2015’te MİT TIR’larına ait imgelerin yayınladıkları gerekçesiyle tutuklanan gazeteciler Can Dündar ve Fazilet Gül AYM’den çıkan kararın akabinde özgürlüklerine kavuştu.

“Bu suça ortak olmayacağız” başlıklı açıklama yapan barış akademisyenlerinin Terörle Uğraş Kanunu kapsamında cezalandırılması da hak ihlali olarak nitelendirildi. Bu kararın akabinde akademisyenlerin yargılandığı davalarda beraat kararı çıktı ve kimileri misyonlarına dönebildi. Öteki yandan haberlere ait erişim manisi kararları ile gazetelere uygulanan reklam yasağı kararı aleyhinde de AYM’den hak ihlali kararları çıktı. AYM, sorunun maddeden kaynaklandığını belirterek Meclis’ten tahlil istemişti.
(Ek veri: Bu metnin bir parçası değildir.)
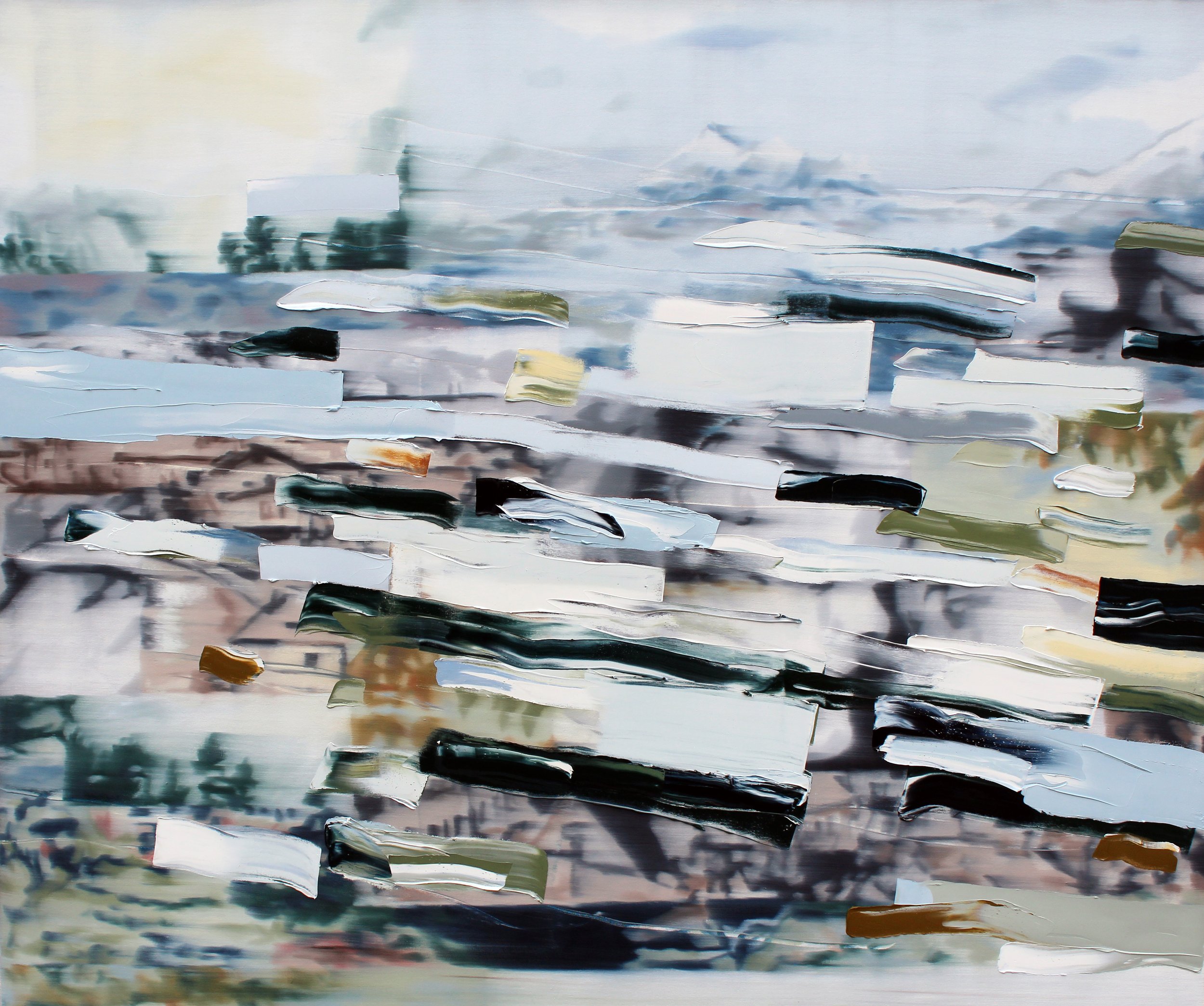 Time's Theme, 2024, oil on canvas, 60" x 72"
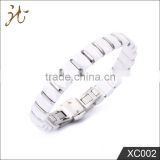 Fashion high quality stainless steel ceramic bracelet wholesale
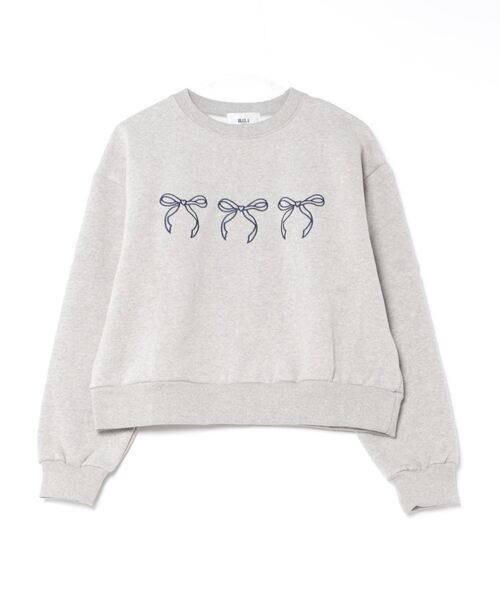 RiLi（リリ）の「リボン刺繍スウェット【RL】（スウェット・レディース・グレー/レッド/アイボリー・FREE）」の21枚目の写真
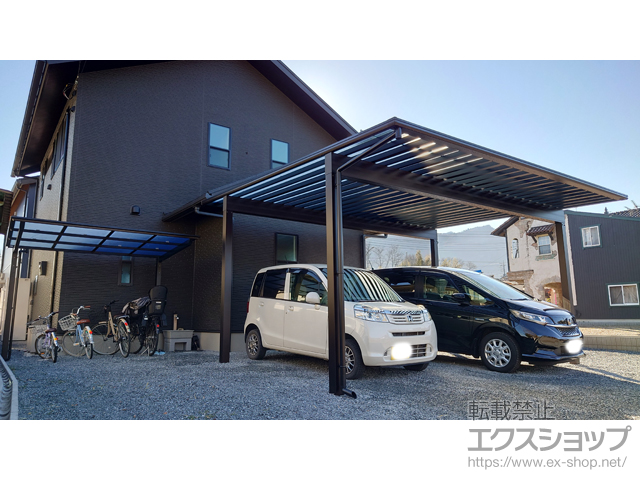 埼玉県秩父市ののカーポート エフルージュ ツイン50 積雪〜50cm対応 施工例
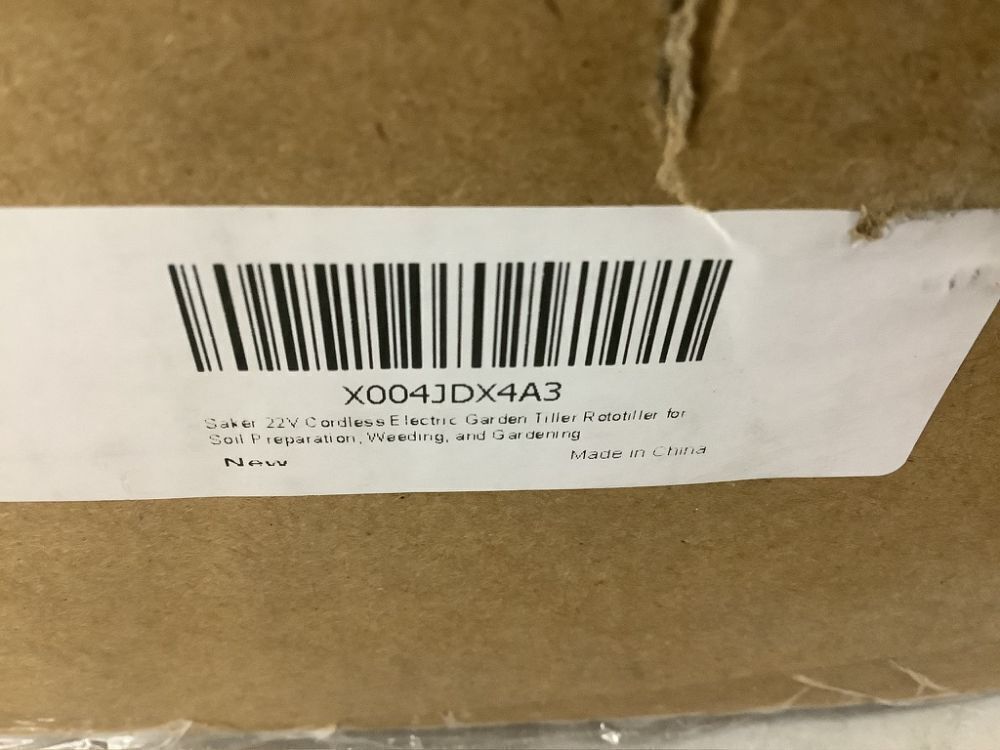 Saker 22V Cordless Electric Garden Tiller - Image 8 - Lot 119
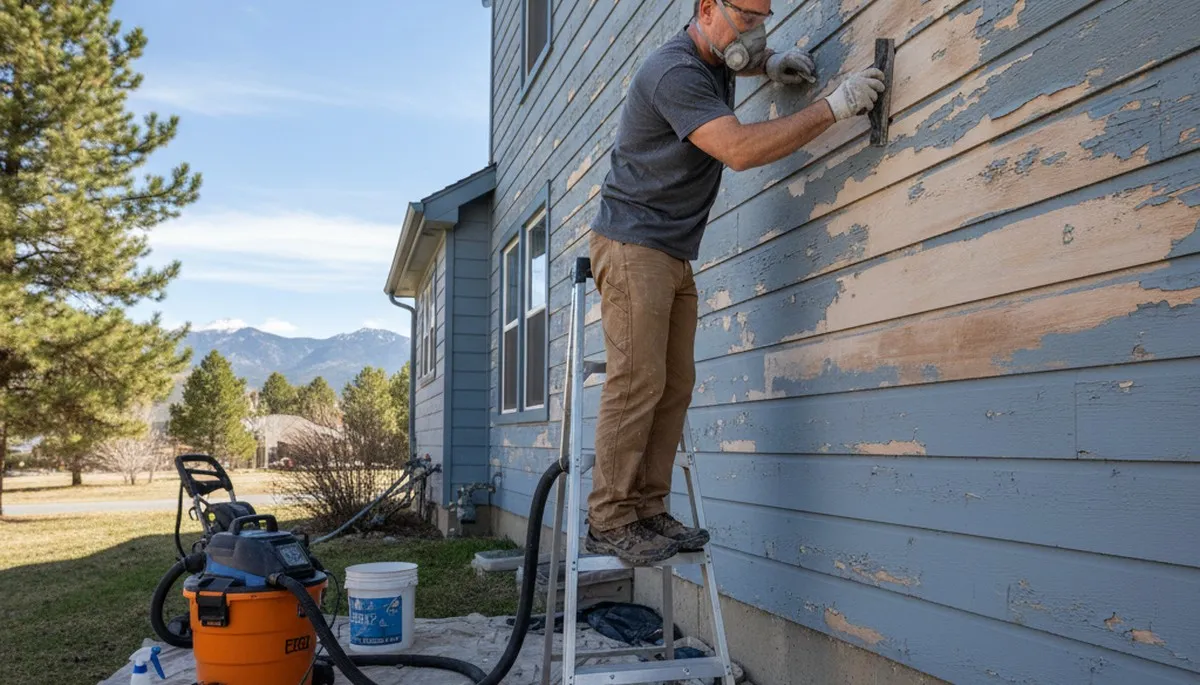 Professional surface preparation for exterior house painting in Fort Collins, CO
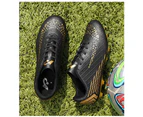 Men Socyte Football Boot Soccer Shoe Professional Training Child Football Crampon - Black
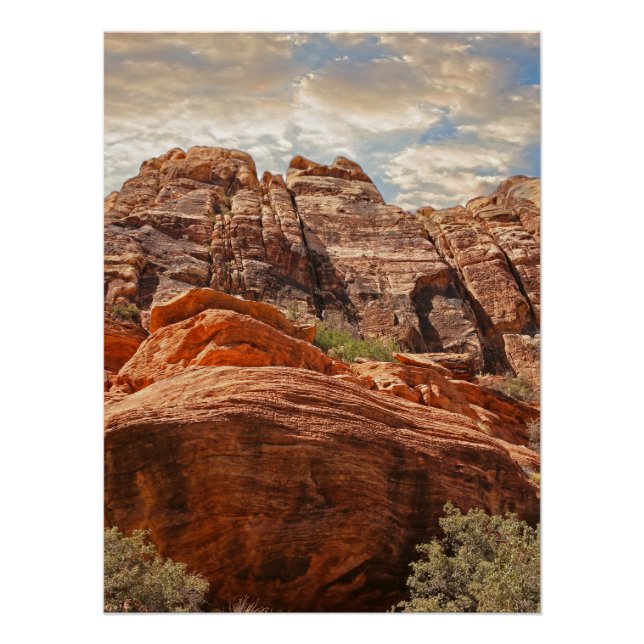 Deserts in the United States Desert Landscape phot Poster (Front)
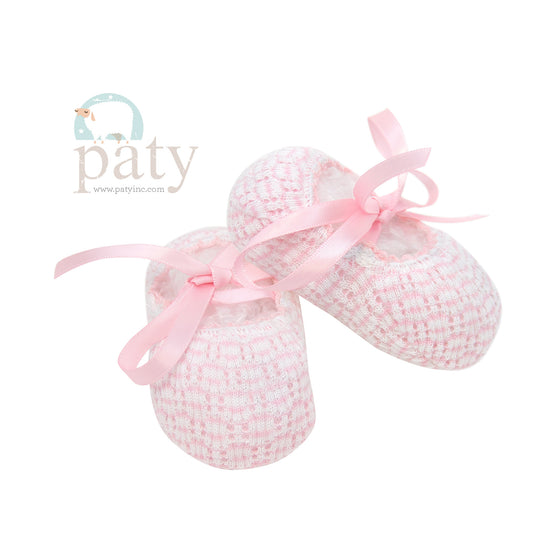 Pink Paty Knit Slippers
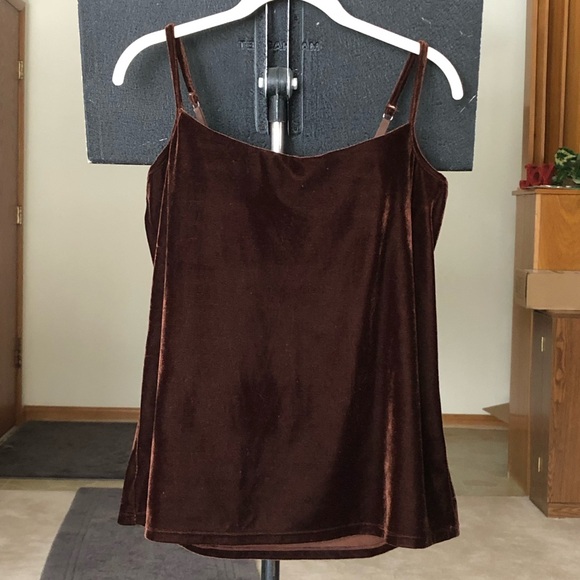 Dark Brown Velvet Camisole Sz 42C - Picture 1 of 4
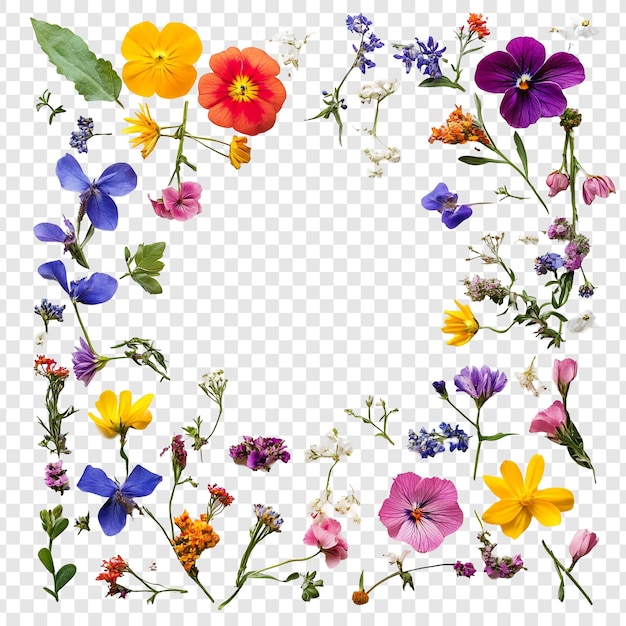 鮮<unk>的花<unk> 壓<unk>花的多彩排列
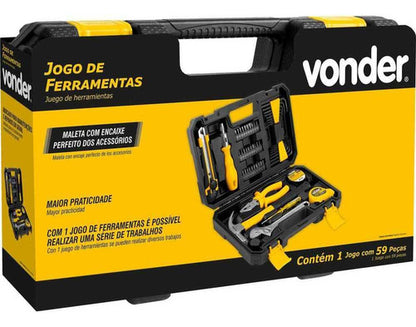 Jogo De Ferramentas C/ 59 Pçs Vonder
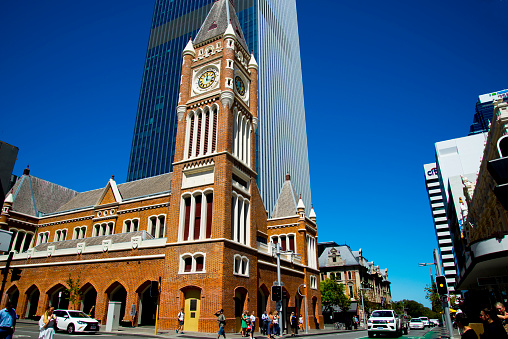 Perth, Australia - March 14, 2019: Town Hall on Barrack Street
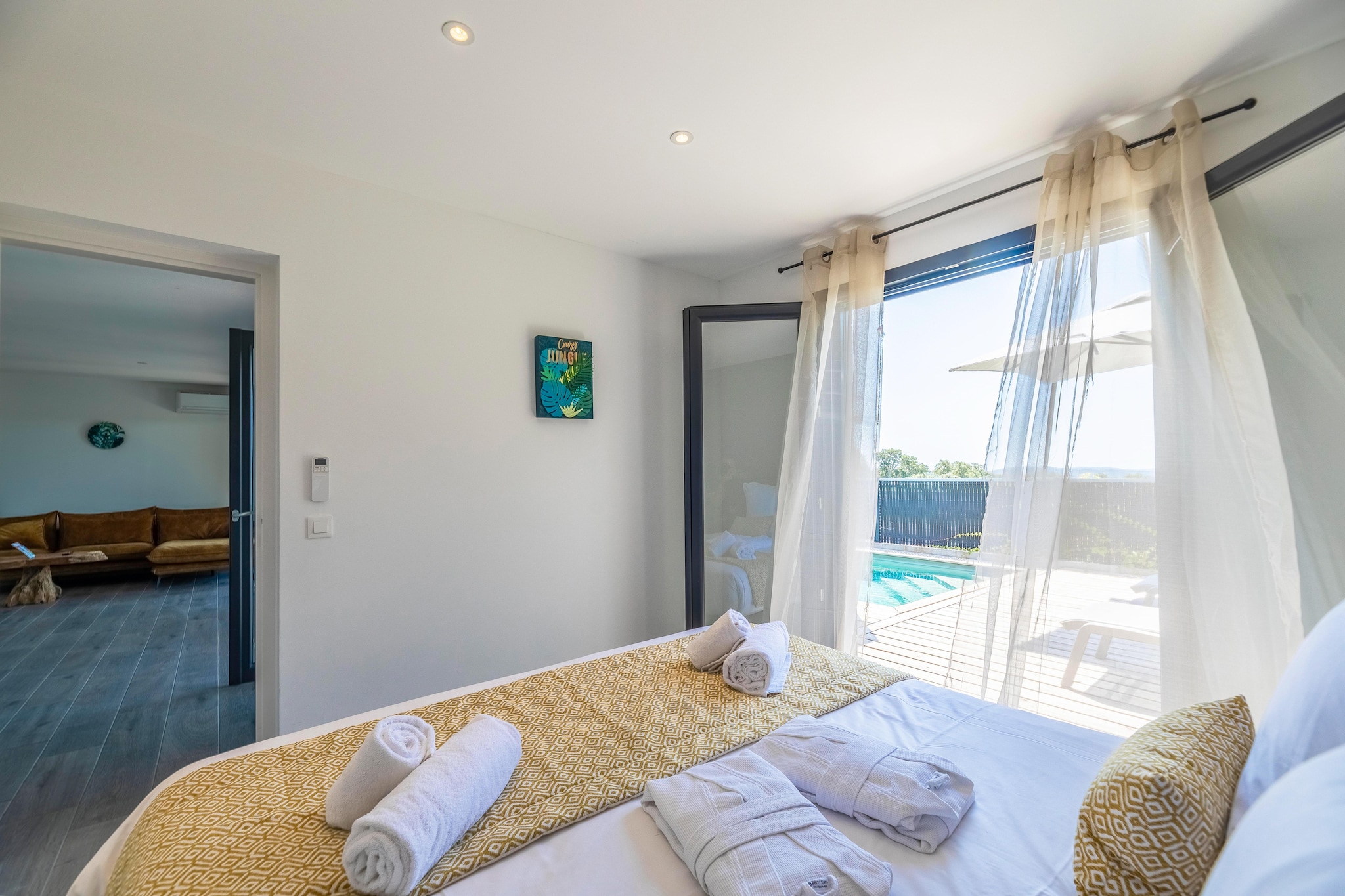 Résidence PV Les Terrasses d'Arsella House - 8 people - 4 bedrooms - Air conditioned - 7m private swimming pool - Terrace - Slaapkamer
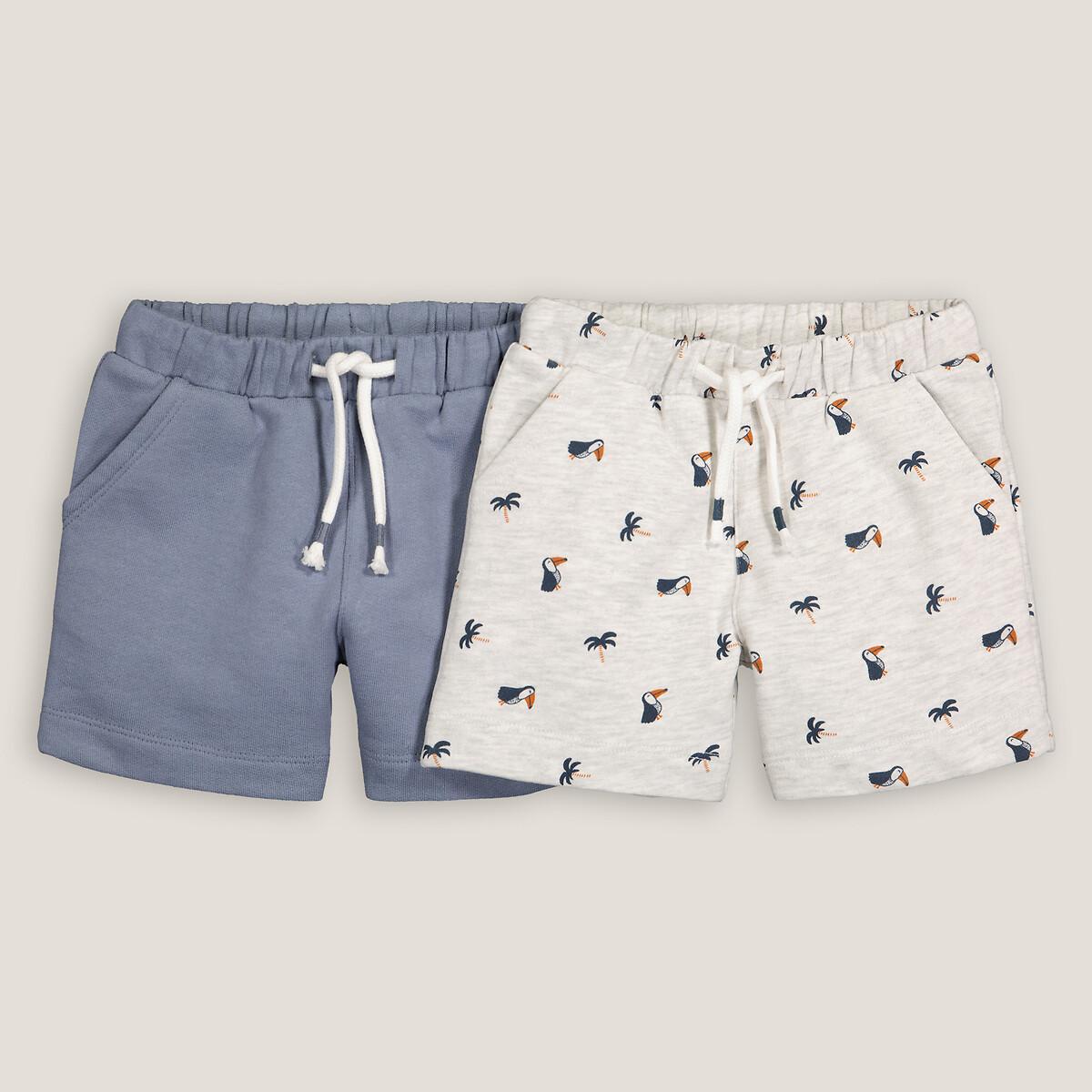 2er-pack Shorts Aus Sweatware Unisex Blau 6 mesi von La Redoute Collections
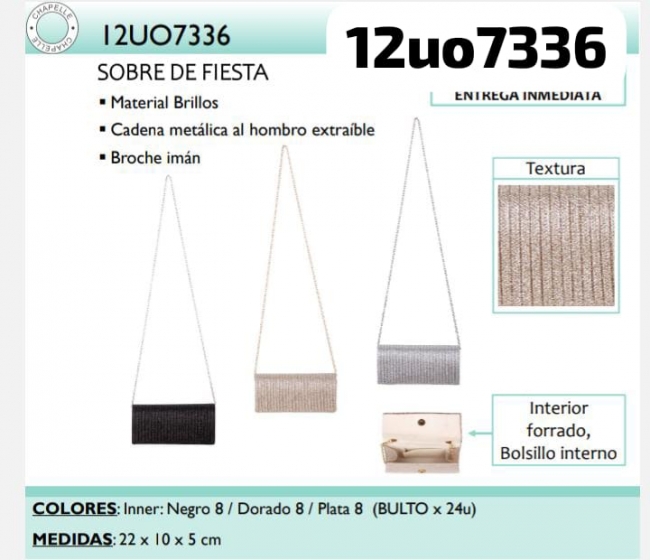 CARTERA DE FIESTA LA CHAPELLE T8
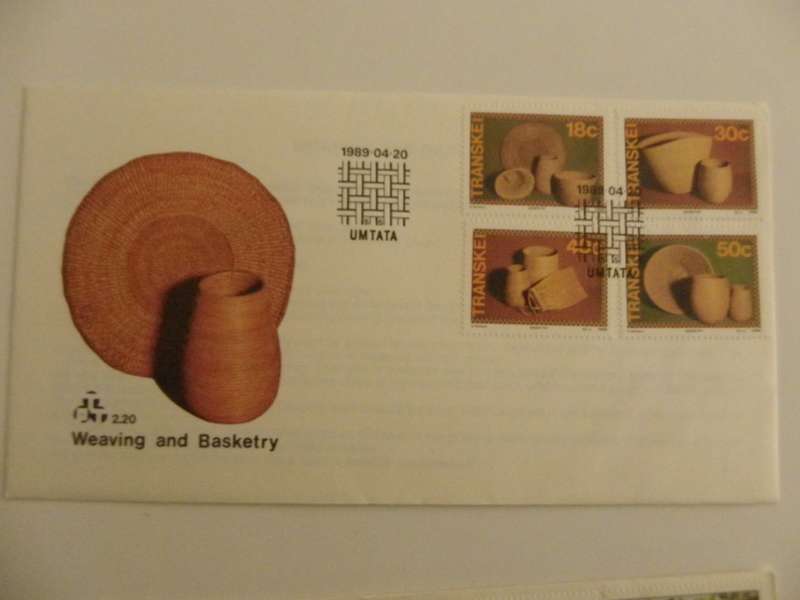 Transkei 2.20 (1989) - Weaving and Basketry Official FDC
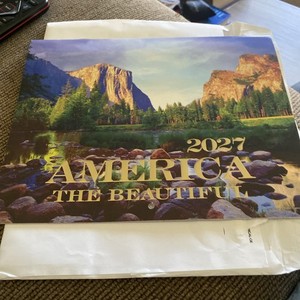 2027 AMERICA THE BEAUTIFUL 12-MONTH WALL CALENDAR-NEW-FAST SHIPPING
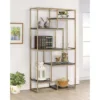 70.25" Beverly 6 Shelf Etagere Display - HOMES: Inside + Out Chrome -My Book Perch Sales Store unnamed file 4773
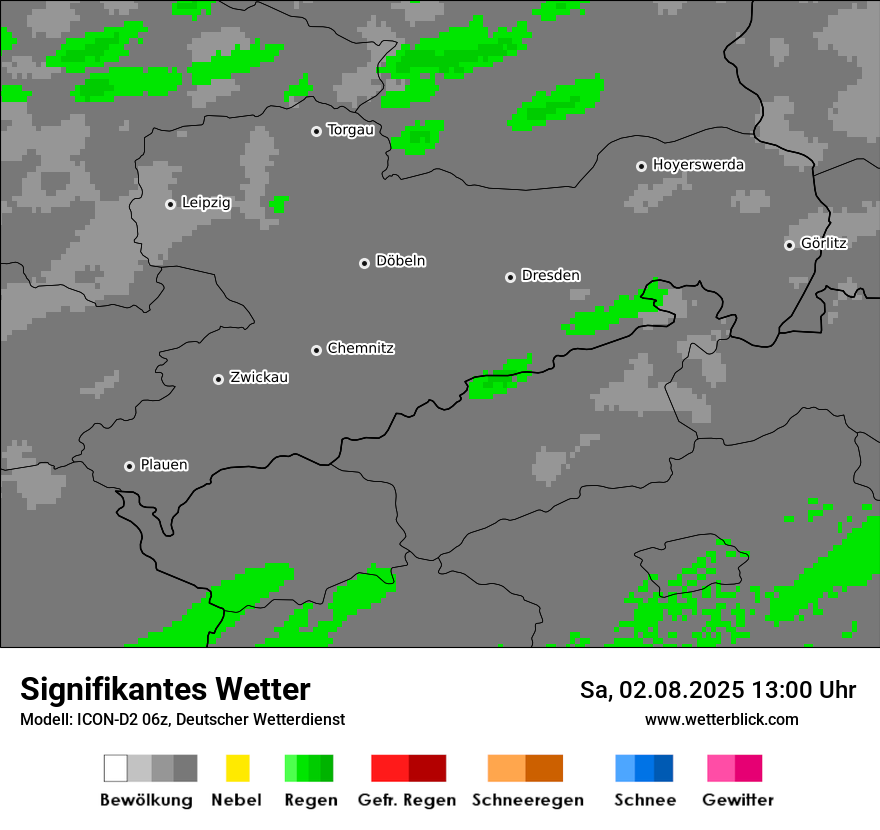 Modellkarten Signifikantes Wetter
Türkiye Osman Kavala kararını uygulamadığı için Avrupa Kurulu Bakanlar Komitesi’nin kontrol sürecindeFotoğraf: Kerem Uzel/dpa/picture alliance

AYM, birtakım mahkemelerin bayan avukatların türbanla duruşmaya katılamayacağına ait kararları üzerine de hak ihlali kararı vererek bu uygulamaya son verdi. 2014’te bu bahiste din ve vicdan hürriyetinin ihlal edildiğine hükmedildi.

Cezaevinde tutuklu bulunan Enis Berberoğlu ve Ömer Faruk Gergerlioğlu lehine verilen kararlar sonrasında bu vekiller tahliye oldu. Yeniden gazeteci-yazar Mehmet Altan ve Şahin Alpay lehinde verilen hak ihlali kararları da mahallî mahkemelerin bir mühlet direnmesinin akabinde uygulanmıştı.

Bu ortada AYM, Seyahat davasında tutuklu bulunduğu sırada Osman Kavala’nın ferdî müracaatında ise hak ihlali kararı olmadığına hükmetti.

DW Türkçe’ye VPN ile nasıl ulaşabilirim?